Feds Move To Ban Predator Hunting Practices In Alaska

Regulators say state is allowing illegal methods to help boost more popular game species.
Feds Move To Ban Predator Hunting Practices In Alaska

In a move that pits state game managers against bureaucrats in Washington, government regulators are working to ban several predator-hunting practices on federal lands in Alaska they claim are illegal.

The National Park Service says Alaska is allowing several dubious hunting methods to mitigate predators in order to manipulate trophy game populations.

“National park areas are managed to maintain natural ecosystems and processes, including wildlife populations and their behaviors,” the National Park Service said in statement. “While sport hunting is allowed by the Alaska National Interest Lands Conservation Act in national preserves in Alaska, NPS policies prohibit reducing native predators for the purpose of increasing numbers of harvested species."

According to a 2011 state study, Alaska made about $1.3 billion on hunting, nearly 10 percent of its gross domestic product.

The NPS is trying to ban hunting brown bears over bait, stop wolf and coyote hunting in the early summer months and ban the use of artificial light to take black bear sows and cubs in dens. Each year the NPS has issued a temporary order banning these practices on each of Alaska’s 10 national preserves, and the current move is intended to make those prohibitions permanent.

“Our opposition to their wildlife management methods is only on national preserves,” an NPS spokesman told National Public Radio. “How the state of Alaska manages other lands is up to the state of Alaska.”

National park lands comprise about 70 percent of Alaska’s geography, with National Preserves accounting for about 43 million acres.
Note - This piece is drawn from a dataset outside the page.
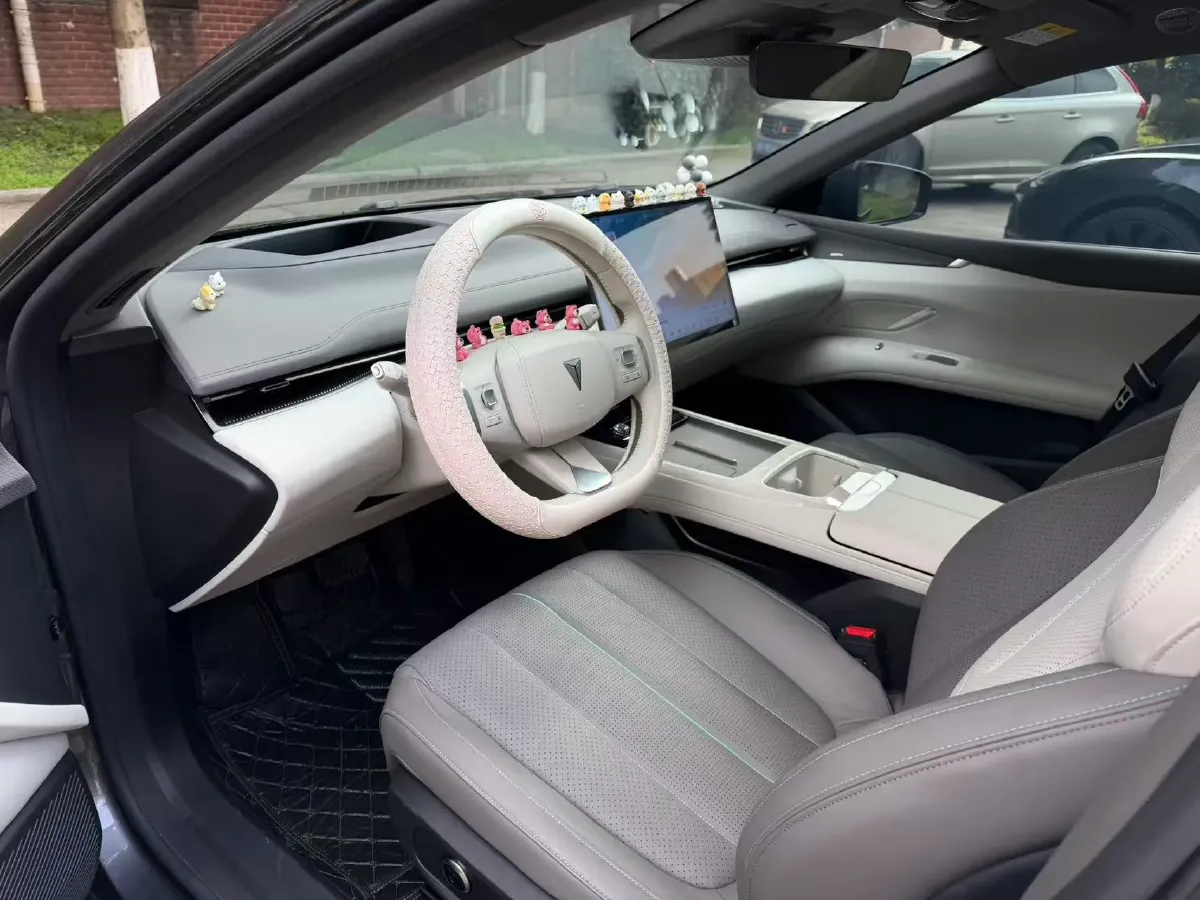 2025 Deepal L07 1.5L 98HP L4 REEV 35.07KWH,autocango,china used car exporter,china ev exporter,chinese used car exporter,chinese used ev exporter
The preserve system was partly created in 1980 and has been a bone of contention between Washington and Juneau ever since.

“These populations are healthy,” Alaska Board of Game Commissioner Ted Spraker told NPR. “Predator numbers are healthy at least in all the cases we’ve been presented, if not abundant.  And what we did is just increased hunting opportunity.  That is for the bating of brown bears and the longer seasons for wolves and coyotes.”

The new NPS regulations have been posted to the Federal Register and are open for comment through December 3.